Moot Hall - Bedfordshire
The Moot Hall was originally called Green House, and was built by the nuns of Elstow Abbey as a storage building for stalls associated with the annual Elstow Fair. The Abbess of Elstow gained a royal charter for a fair running 4 days from 2-5 May, and the hall also functioned as a court house for hearing disputes arising from the fair.
The Elstow Fair was not like a local village fete, but a large public event, drawing both sellers and buyers from all around the surrounding area. The Abbey earned a lot of money by charging merchants to have a stall, and charging an entrance fee for visitors. It is very likely that the nuns also had a stall, selling produce from the abbey gardens and fishponds.
The hall is a sign of just how prosperous the fair became; permanent storage was needed for market stalls throughout the rest of the year. The upper floor was used to try petty offences during the fair, such as minor thievery and trading regulation (i.e. sellers breaking official weights and measures standards). During the rest of the year the upper floor was used to hold the Manor Court, dealing with more serious criminal cases.

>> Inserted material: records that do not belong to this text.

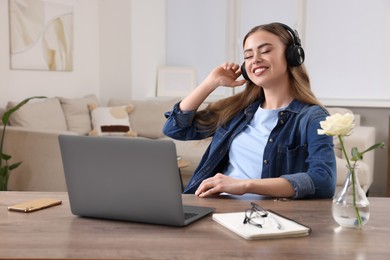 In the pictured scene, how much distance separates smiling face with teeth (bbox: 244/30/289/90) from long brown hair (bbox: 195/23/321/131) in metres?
0.03

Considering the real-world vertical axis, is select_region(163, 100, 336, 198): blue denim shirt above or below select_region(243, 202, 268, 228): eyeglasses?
above

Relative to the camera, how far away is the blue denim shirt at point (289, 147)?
1.64m

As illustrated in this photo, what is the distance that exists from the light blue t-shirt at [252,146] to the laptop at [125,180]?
477mm

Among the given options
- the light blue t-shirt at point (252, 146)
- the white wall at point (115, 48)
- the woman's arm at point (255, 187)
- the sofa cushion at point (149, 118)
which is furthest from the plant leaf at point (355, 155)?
the white wall at point (115, 48)

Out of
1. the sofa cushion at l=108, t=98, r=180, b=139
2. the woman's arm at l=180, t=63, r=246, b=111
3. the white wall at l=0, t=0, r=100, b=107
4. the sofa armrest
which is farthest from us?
the sofa cushion at l=108, t=98, r=180, b=139

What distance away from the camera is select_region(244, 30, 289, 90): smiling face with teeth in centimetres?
185

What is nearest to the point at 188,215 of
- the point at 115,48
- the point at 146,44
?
the point at 115,48

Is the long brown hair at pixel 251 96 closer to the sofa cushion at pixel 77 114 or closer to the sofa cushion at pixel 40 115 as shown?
the sofa cushion at pixel 40 115

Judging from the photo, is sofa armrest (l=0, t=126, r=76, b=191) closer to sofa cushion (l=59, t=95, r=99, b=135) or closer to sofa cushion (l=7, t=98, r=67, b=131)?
sofa cushion (l=7, t=98, r=67, b=131)

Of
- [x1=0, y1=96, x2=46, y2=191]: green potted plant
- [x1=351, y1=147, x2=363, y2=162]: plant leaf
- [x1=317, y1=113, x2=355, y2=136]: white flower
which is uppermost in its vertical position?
[x1=317, y1=113, x2=355, y2=136]: white flower

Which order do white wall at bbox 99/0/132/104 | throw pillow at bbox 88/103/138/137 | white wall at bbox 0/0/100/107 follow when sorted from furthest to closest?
white wall at bbox 99/0/132/104, throw pillow at bbox 88/103/138/137, white wall at bbox 0/0/100/107

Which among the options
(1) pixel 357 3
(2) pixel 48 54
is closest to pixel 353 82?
(1) pixel 357 3

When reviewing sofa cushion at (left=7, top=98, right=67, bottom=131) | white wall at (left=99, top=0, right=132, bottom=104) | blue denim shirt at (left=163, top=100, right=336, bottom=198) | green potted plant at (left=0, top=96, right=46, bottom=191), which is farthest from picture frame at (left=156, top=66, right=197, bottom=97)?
blue denim shirt at (left=163, top=100, right=336, bottom=198)

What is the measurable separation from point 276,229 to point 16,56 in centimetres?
368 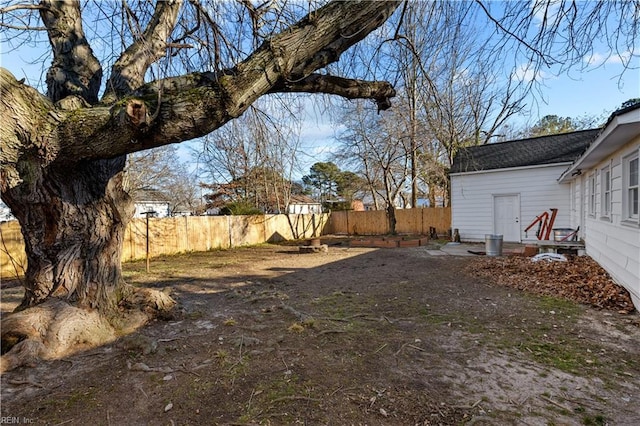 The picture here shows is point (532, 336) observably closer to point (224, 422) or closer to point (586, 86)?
point (586, 86)

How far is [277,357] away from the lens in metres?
3.05

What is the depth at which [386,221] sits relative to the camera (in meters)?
19.0

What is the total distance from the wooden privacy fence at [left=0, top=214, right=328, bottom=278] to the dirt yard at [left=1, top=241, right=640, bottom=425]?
14.6ft

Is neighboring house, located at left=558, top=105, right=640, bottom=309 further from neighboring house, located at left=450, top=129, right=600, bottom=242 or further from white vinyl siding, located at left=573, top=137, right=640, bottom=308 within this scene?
neighboring house, located at left=450, top=129, right=600, bottom=242

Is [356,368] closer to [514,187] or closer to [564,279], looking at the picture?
[564,279]

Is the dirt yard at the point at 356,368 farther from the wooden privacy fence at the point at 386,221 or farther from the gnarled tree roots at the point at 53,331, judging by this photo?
the wooden privacy fence at the point at 386,221

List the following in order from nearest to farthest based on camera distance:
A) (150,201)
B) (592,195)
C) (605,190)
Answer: (605,190) → (592,195) → (150,201)

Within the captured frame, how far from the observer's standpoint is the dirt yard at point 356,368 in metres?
2.18

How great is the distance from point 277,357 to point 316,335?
2.12 ft

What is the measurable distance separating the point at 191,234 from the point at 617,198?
1276 centimetres

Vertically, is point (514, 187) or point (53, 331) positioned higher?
point (514, 187)

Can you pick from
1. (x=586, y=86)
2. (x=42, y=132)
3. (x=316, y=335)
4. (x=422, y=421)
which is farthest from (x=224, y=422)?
(x=586, y=86)

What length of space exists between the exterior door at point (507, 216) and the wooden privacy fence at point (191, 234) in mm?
10236

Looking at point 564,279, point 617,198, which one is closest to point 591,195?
point 617,198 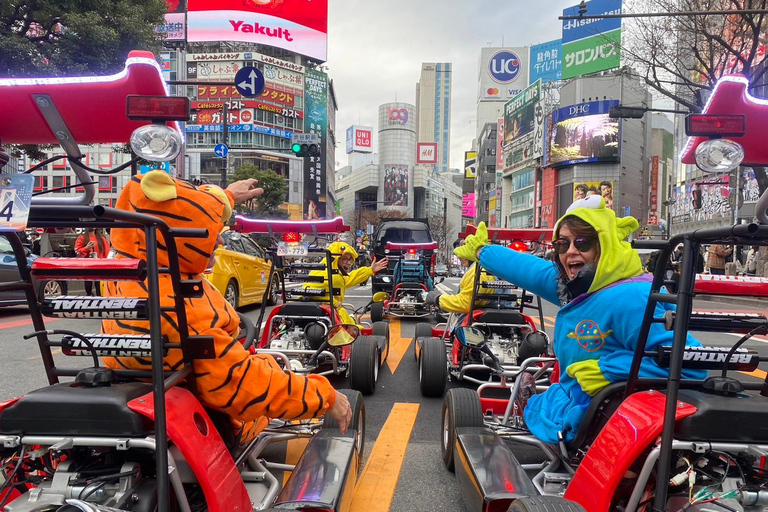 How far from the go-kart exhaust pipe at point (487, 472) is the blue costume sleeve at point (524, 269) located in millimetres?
890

The Hall was made from green timber, hence the name Green House. The fresh-cut timber formed the building's frame, which was then infilled with red brick. Interior partition walls were made from wattle and daub, and the roof was topped with clay tiles. In the 16th century the Hall was extended to provide a pair of extra bays on the ground floor, providing both extra shop space and 'hospitum', or accommodation for abbey visitors.
Bedford Gaol cell door
When Henry VIII dissolved Elstow Abbey at the Reformation, the Moot Hall was purchased by Sir Humphrey Radcliffe, then passed to Sir Thomas Hillersden, who built the mansion that bears his name beside the abbey church. Then in 1792 the brewer Samuel Whitbread bough the hall as part of the abbey's estates.For a time in the 19th century the hall was used as a chapel and a schoolroom before being restored by the the Bedfordshire County Council for the 1951 Festival of Britain. It was opened to the public as a museum of 17th century life at the Festival. Today the interior has extensive collections on the life and times of John Bunyan, a native of Elstow, including two doors from Bedford Gaol, where Bunyan was held prisoner and began his writing, and the ancient pulpit from the nearby abbey church where Bunyan worshipped. In addition to the Bunyan exhibits there is a wealth of material on the local area, including furniture and household objects. One of the most interesting objects is a Saxon cross shaft discovered set into the east wall of the abbey church in 1967.